Na przedostatni weekend majowy wywiało nas do Bukaresztu, gdzie mój kolega z liceum brał ślub z Rumunką (obydwoje pracują w filii naszej firmy w Zurychu). Było inaczej i ciekawie, ale świetnie. Najpierw sama ceremonia zaślubin - w cerkwi i bardzo mi się ona podobała, o wiele bardziej niż ta w kościele rzymskokatolickim, gdzie zdarza się i tak, jak u koleżanki dwa tygodnie wcześniej, że ksiądz o najważniejszej części zapomniał i z fragmentu "ślub - 1" dziarsko przeszedł do "ślub + 1", co wywołało pewną konsternację u znających się i w efekcie zreflektowanie się kapłana, że coś za szybko jakoś by poszło... Tutaj (znaczy tam - w cerkwi) młodzi są w absolutnym centrum uroczystości. Ślub to nie jest msza. Ślub to jest ceremonia dla przyszłych małżonków, goście to aktorzy lub statyści, ale najważniejsi są ci, którzy tego dnia najważniejsi być powinni.
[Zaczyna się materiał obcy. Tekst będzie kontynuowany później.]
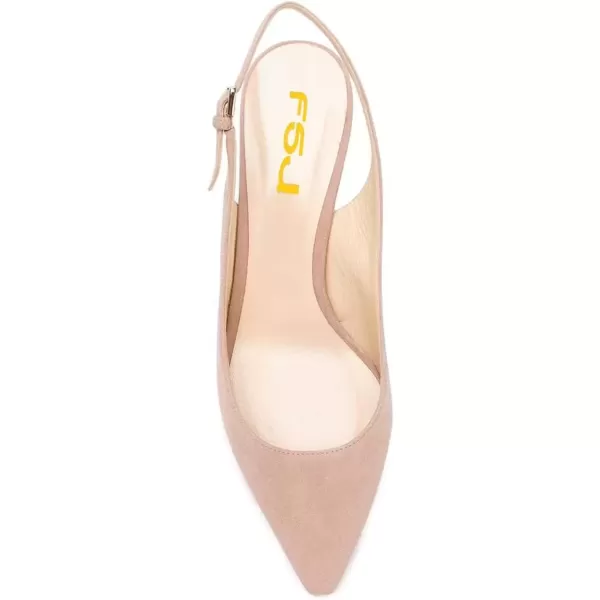 imageFSJ Women Classic Slingback Pumps Low Kitten Mid Heels Sandals Pointy Toe Comfortable Formal Party Shoes Size 415 M USBeige Suede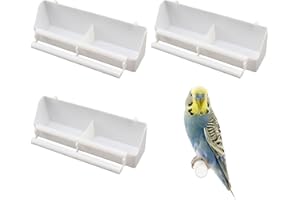 SUXGUMOE Bird Feeder, 3 Pcs Plastic Bird Food Feeder, Bird Water Cage Accessories, Hanging Bird Food Bowl Cups for Parrots Small Birds Pigeons Parakeet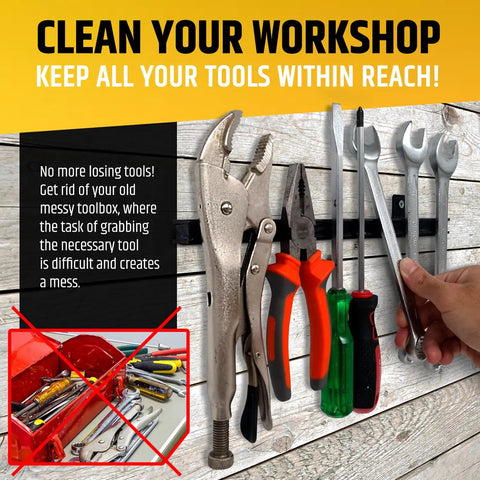 12 Inch Heavy Duty Magnetic Tool Holders 4 Pack 48 Inches Total Length with tools attached in a workshop setting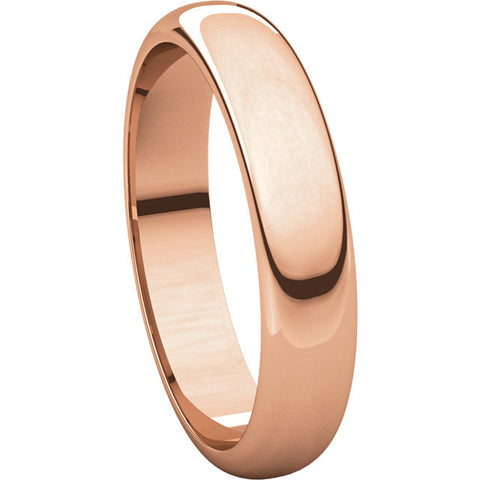 10k Rose Gold 4mm Half Round Band, Size 7.5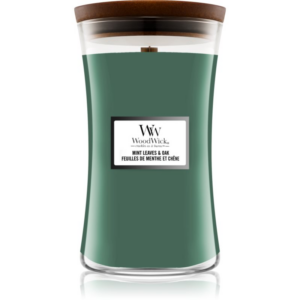 Woodwick Mint Leaves & Oak illatgyertya fa kanóccal 609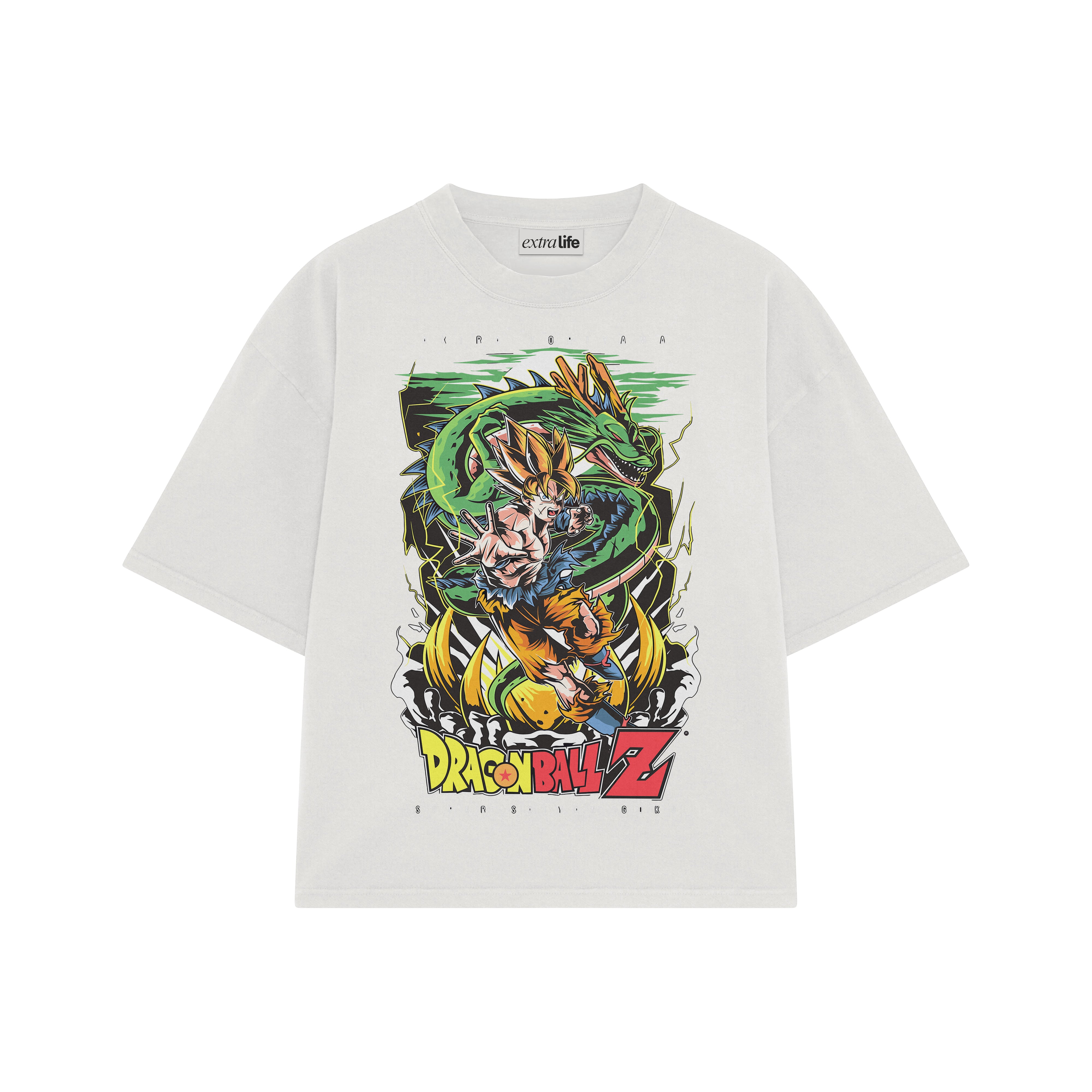 Playera streetwear premium de anime y gaming ExtraLife MX, corte boxy oversized drop shoulder heavyweight en color Deep Black y Off-White, moda urbana mexicana de culto.
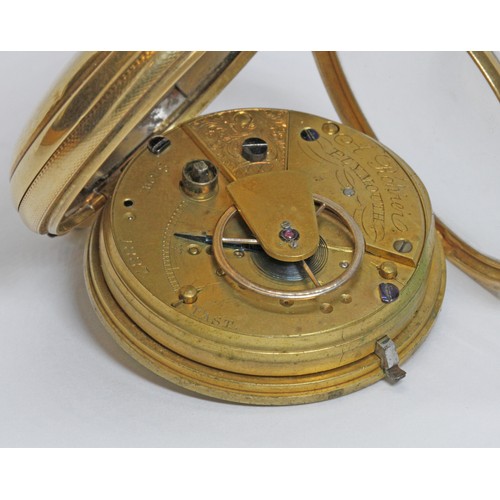 148 - A ladies mid 19th century 18ct gold pocket watch, the gilt brass movement signed A Rohrer Plymouth, ...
Im wkłada się na głowy korony, to oni trzymając się za ręce ze świadkami trzykrotnie okrążają ikonę, to oni (znów trzykrotnie) piją wino z czarki trzymanej przez popa, a potem (zgadnijcie ile razy) jedzą biszkopto-opłatek. Co ciekawe, nie odzywają się ani razu, wykonują tylko określone tradycją ruchy. Jednym ze zwyczajów jest nałożenie obrączek najpierw na odwrót (kobiecie - męskiej, mężczyźnie - kobiecej) i dopiero później właściwie. Kolega nie był pewny, czy pop się aby nie pomylił, bo jakoś mu ta obrączka za duża się wydała, zapytał więc dyskretnie, by usłyszeć w odpowiedzi:
trust me, I've done this couple of times already (spokojnie, niejednego ślubu już udzieliłem, wiem co robię).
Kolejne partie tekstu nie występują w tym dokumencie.